One in four middle-aged adults in Europe and the US will develop atrial fibrillation, a condition set to affect up to 17 million people in the EU by 2030. People with atrial fibrillation are five times more likely to have a stroke than those without the arrhythmia. The risk of death is also elevated with atrial fibrillation, by two-fold in women and 1.5-fold in men. Stroke is the most common cause of death in patients with atrial fibrillation.
Previous studies have shown that smokers are more likely to develop atrial fibrillation and subsequent stroke. While many strokes are prevented with oral anticoagulant drugs, there are limited data on the impact of smoking cessation after atrial fibrillation diagnosis.
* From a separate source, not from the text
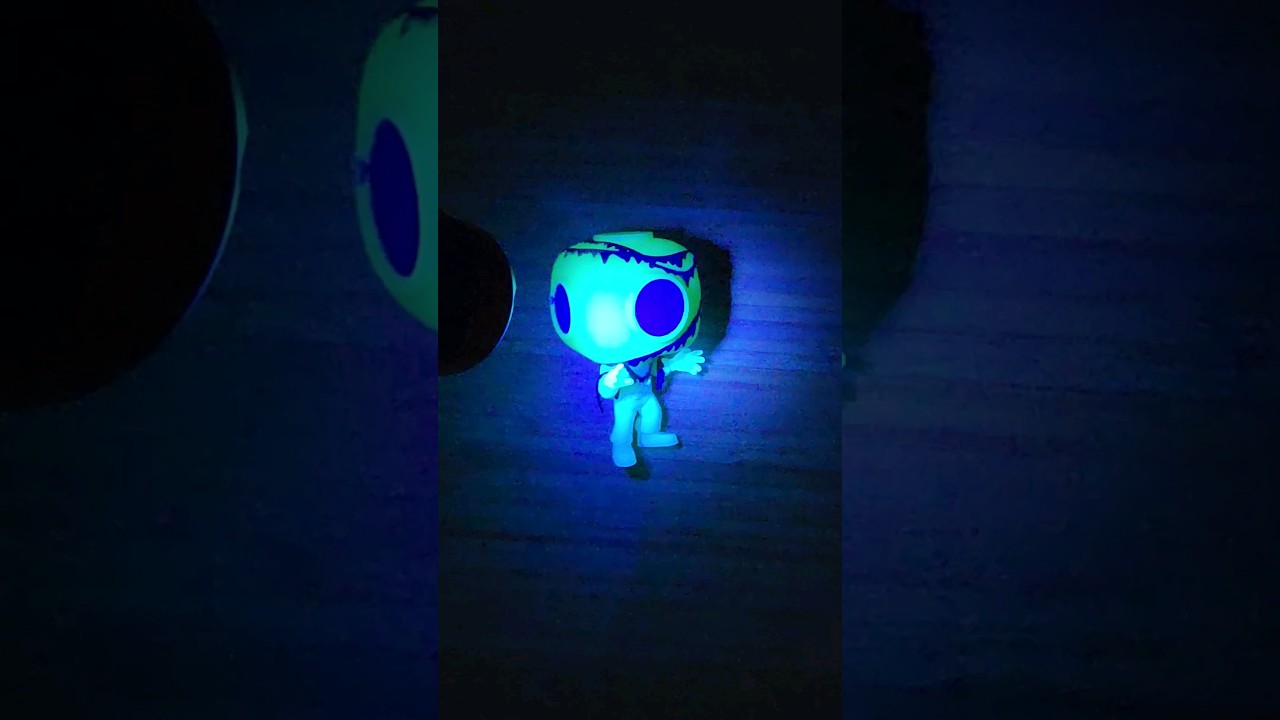 Funko Pops That Glow in the Dark! 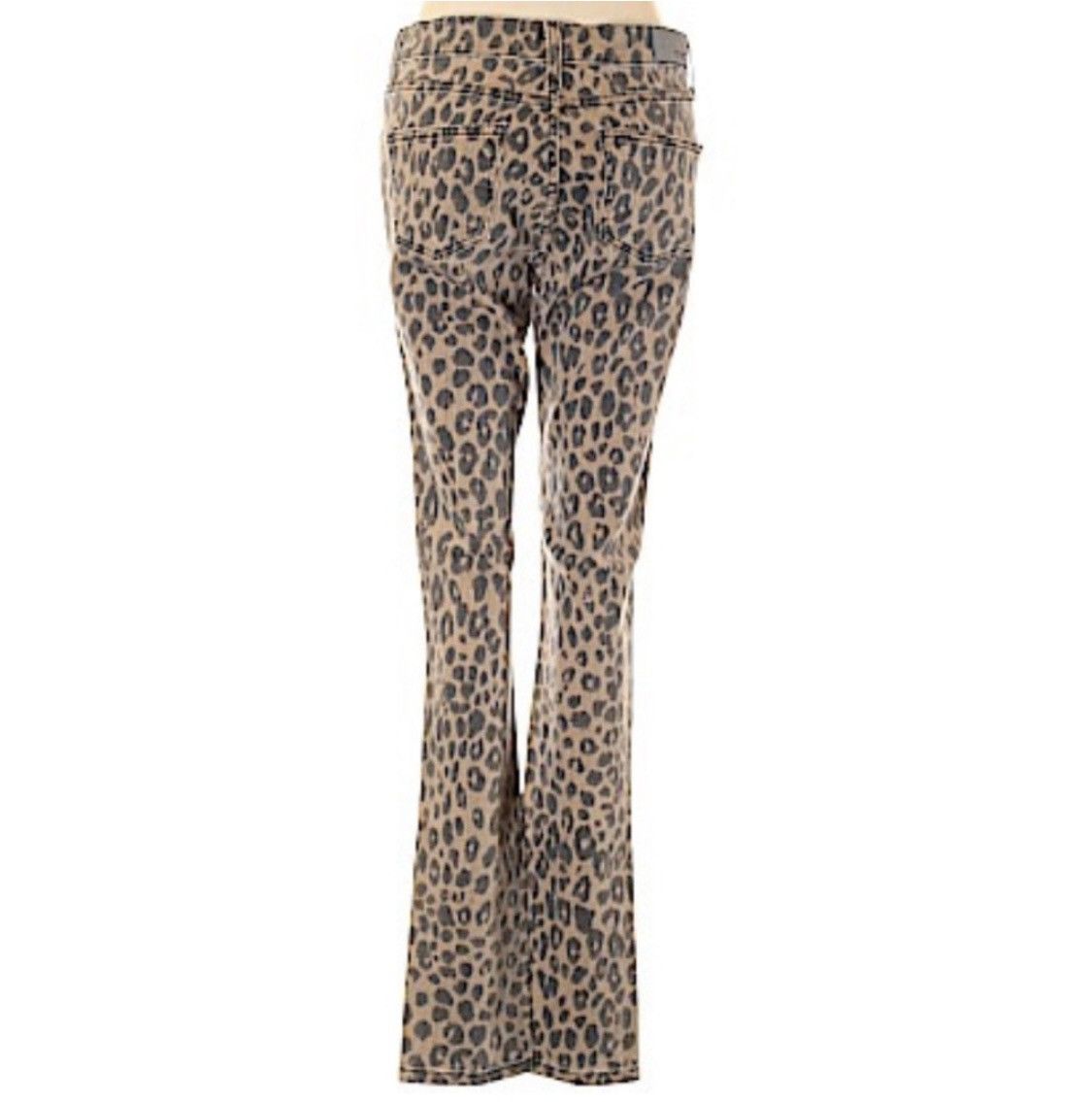 Other CARMAR LEOPARD RYAN SLIM FIT MID RISE JEANS SZ 28 Size 31" - 7 Thumbnail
This study examined the association between smoking cessation after newly diagnosed atrial fibrillation and the risks of stroke and all-cause death. The researchers used the Korean National Health Insurance Service database and the National Health Screening database. Koreans aged 40 and older are advised to have a national health check-up every two years. Take-up rates are high: for example, 75% were screened in 2014.
The researchers identified 523,174 patients with newly diagnosed atrial fibrillation from 2010–2016. Patients with prior strokes were excluded. The study included the 97,637 patients who had a national health check-up less than two years before being diagnosed with atrial fibrillation, and a second check-up within two years afterwards. Patients were followed-up after the second check-up until the end of 2017 for the occurrence of stroke or death.
The average age was 61 years and 62% were men. Participants were classified according to the smoking status before and after atrial fibrillation diagnosis: never-smoker, ex-smoker (stopped smoking before diagnosis), a quitter (stopped smoking after diagnosis), current smoker (includes those who persistently smoked before and after diagnosis; and new smokers who started after the diagnosis). The proportions of never smokers, ex-smokers, quitters, and current smokers were 51.2%, 27.3%, 6.9%, and 14.6%, respectively.
During a median three-year follow-up, there were 3,109 strokes and 4,882 all-cause deaths (10.0 per 1,000 person-years and 15.4 per 1,000 person-years, respectively).
Compared to current smokers, quitters had a 30% lower probability of stroke and 16% reduced likelihood of all-cause death, after accounting for other factors that could influence the relationships such as age, sex, high blood pressure, body mass index, and physical activity.
Quitters remained at higher risk compared with never-smokers. The risks of stroke and all-cause death were raised by 19% and 46%, respectively, but these associations were consistently observed only in men. New and persistent smokers had even greater risks of stroke compared to those who had never smoked. For new smokers, the probability was raised by 84% and for persistent smokers, it was elevated by 66%.
Study author Dr So-Ryoung Lee of Seoul National University Hospital, Korea, said: ‘Smoking precipitates blood clots that could lead to a stroke, which may be why giving up lowers risk. The remaining stroke risk after quitting might be through the damage already caused to the arteries – called atherosclerosis.’
She noted that the benefits of quitting were less pronounced in those who had been heavy smokers before their atrial fibrillation diagnosis. Heavy smokers were defined as those who had smoked 20 cigarettes every day for at least 30 years. ‘This may be related to longer-term damage to the blood vessels which increases susceptibility to having a stroke,’: said Dr Lee.
Dr Lee said: ‘If you don’t smoke, don’t start. If you do, it’s never too late to quit. Regardless of how much you smoke, kicking the habit is good for health.’